Creative directors: Influence, don’t just direct
The title creative director implies control, but in today’s collaborative, multidisciplinary landscape, true leadership is about influence, not direction, writes Marcel Wijnen, creative director at Hulsbosch.
There is something that fundamentally bothers me about the title (my title) creative director. It feels limiting.
The creative director job title emerged organically in the 1950s and 60s, a period when advertising shifted from formulaic sales-driven messaging to a more idea-led, storytelling approach. Traditionally, copywriters and art directors worked in silos, but as agencies like Doyle Dane Bernbach (DDB) pioneered the creative revolution, a new leadership role was needed to unify the process. Figures like Bill Bernbach redefined agency structures, elevating creativity as a strategic function rather than a production step.

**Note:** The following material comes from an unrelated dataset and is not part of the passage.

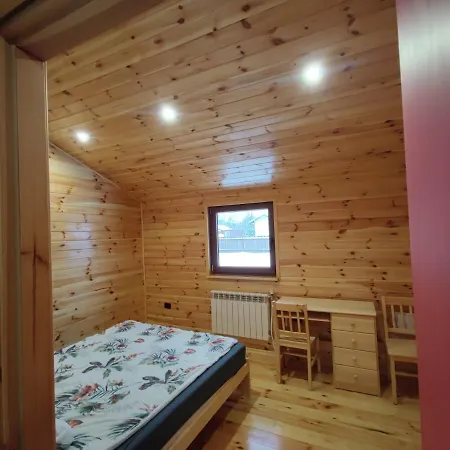 Pod Lasem Nyaraló *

But in today’s fluid, collaborative creative landscape, is the role still necessary? The rigid hierarchies of Madison Avenue have given way to nimble, multidisciplinary teams, where ideas can come from anywhere – designers, strategists, even AI. The creative process is no longer top-down but networked, iterative, and data-driven. While leadership remains crucial, the traditional creative director may feel more like a relic of a bygone era than an essential driver of modern creativity.
If you’re only directing your team, you’re not truly getting the best out of them. Why hire brilliant creative minds if you’re simply going to direct them to execute your ideas of what and how things should be done? Your team and agency will be confined to the creative director’s vision. You might as well do the work yourself.

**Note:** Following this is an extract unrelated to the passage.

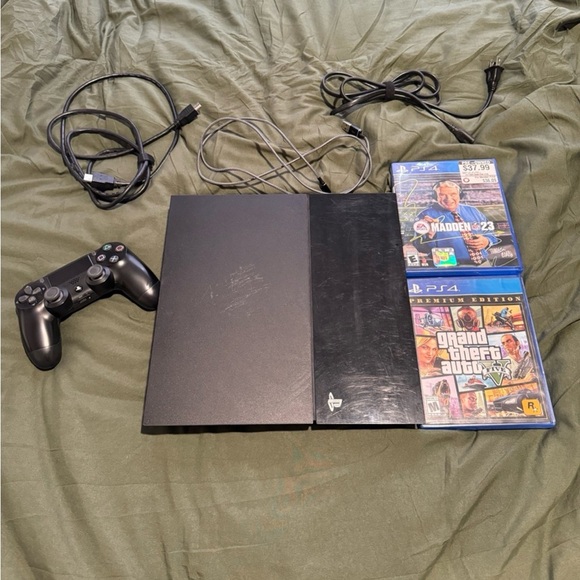 PS4 Slim Bundle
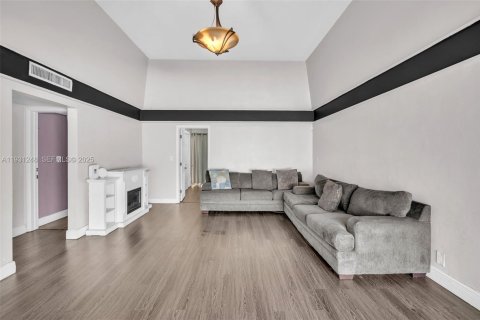 Casa en venta en Tamarac, Florida, 4 dormitorios, 219.81 m2 № 1990253 - foto 6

Of course, it is the creative director’s responsibility to ensure the team delivers, to set guardrails, clarify objectives and ambitions, and sprinkle in a healthy dose of inspiration to get the creative juices flowing. But none of these require issuing directives or acts of directing.
The risk of being overly directive is that it can quickly become overly controlling – and this stifling environment is exactly what makes designers cringe.
Strong creative agency cultures give everyone the safe space and time to contribute their ideas. Not just the big initial brand concept, but also the countless smaller ideas: how to make a design work better, how to give it a fresh twist, that intriguing font choice, that clever play on words, that perfect image selection—all those details that give a piece of work substance, depth, and a general wow factor.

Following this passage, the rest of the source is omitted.